À l'heure où les problèmes environnementaux font la une de la presse du fait d'une médiatisation parfois un peu excessive de diverses personnalités, il faut, je le crois, prendre en considération ces associations pour leur travail pédagogique, qui mérite respect et estime.
Au-delà de cette gestion budgétaire au quotidien, il nous faut réfléchir, madame la ministre, au moyen de mieux soutenir la richesse de notre biodiversité, qui subit un processus inexorable de dégradation ou de mort. Nos efforts globaux restent insuffisants face à ce que certains ont appelé le « massacre de la biodiversité animale et végétale ». Ce problème mérite d'être pris à bras-le-corps ; l'avenir de la planète tout entière en dépend.
Deuxième sujet de préoccupation : la maîtrise et surtout la diminution des gaz à effet de serre. Même si la France est, parmi les pays industriels, le troisième plus faible émetteur de CO2 par habitant, il n'en reste pas moins que Bruxelles juge nos efforts insuffisants. Madame la ministre, que comptez-vous faire sur ce dossier ? J'ai le sentiment que notre plan en faveur de l'éolien tarde à se mettre en place.
Troisième sujet de préoccupation : la place qu'aura la politique environnementale dans les contrats de projets, en particulier dans leur volet territorial. Vous avez fait émerger - et je crois que c'était judicieux - la notion d'infrastructure écologique. Espérons que les préfets et les représentants des régions et des départements se retrouveront sur des objectifs ambitieux dans ce domaine.

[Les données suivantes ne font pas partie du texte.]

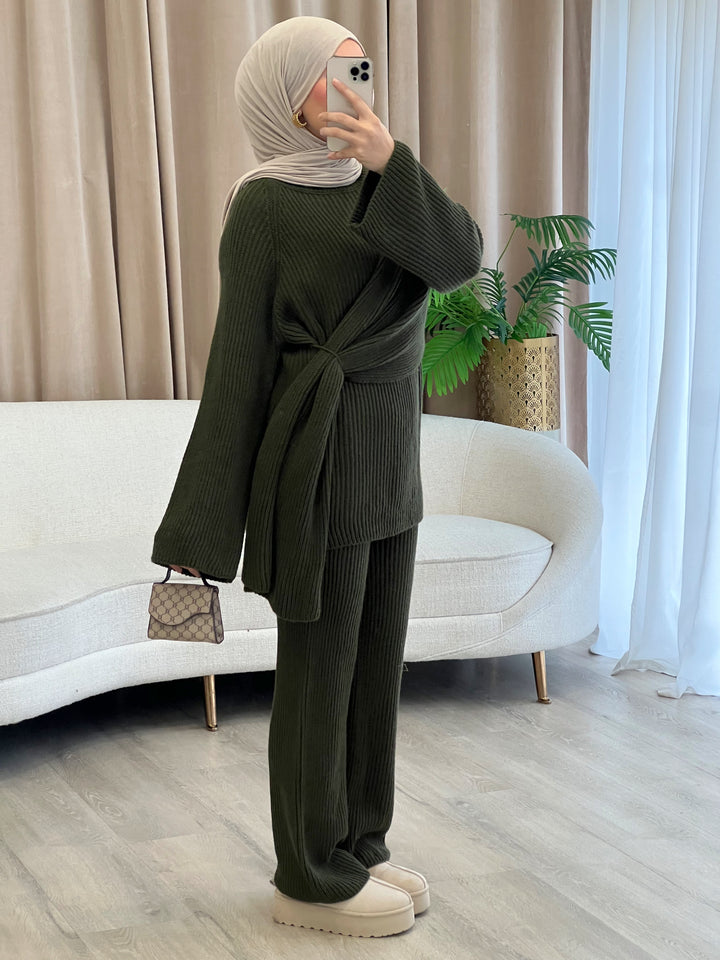 Bell Strickset in Khaki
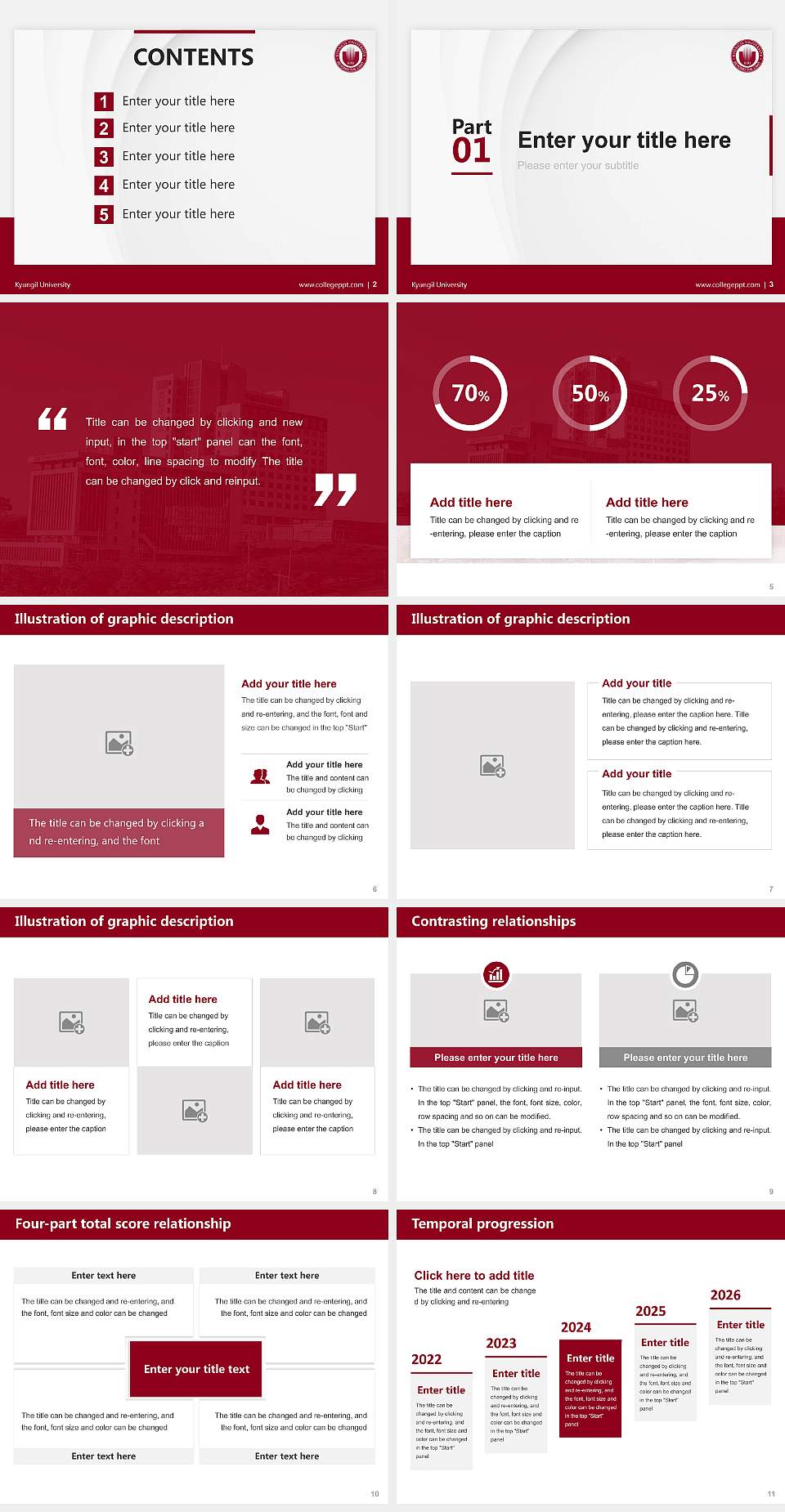 Kyungil University Thesis Proposal/Graduation Defense PPT Template4:3 ratio PPT effect preview image2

On parle en permanence de développement durable en indiquant qu'il s'agit de répondre aux besoins du présent sans compromettre la capacité des générations futures de répondre aux leurs. Au-delà de votre force de conviction, qui est grande, votre budget est-il capable de relever ce défi ? Voilà la question qui est posée et qui m'amène à conclure en exprimant un certain scepticisme.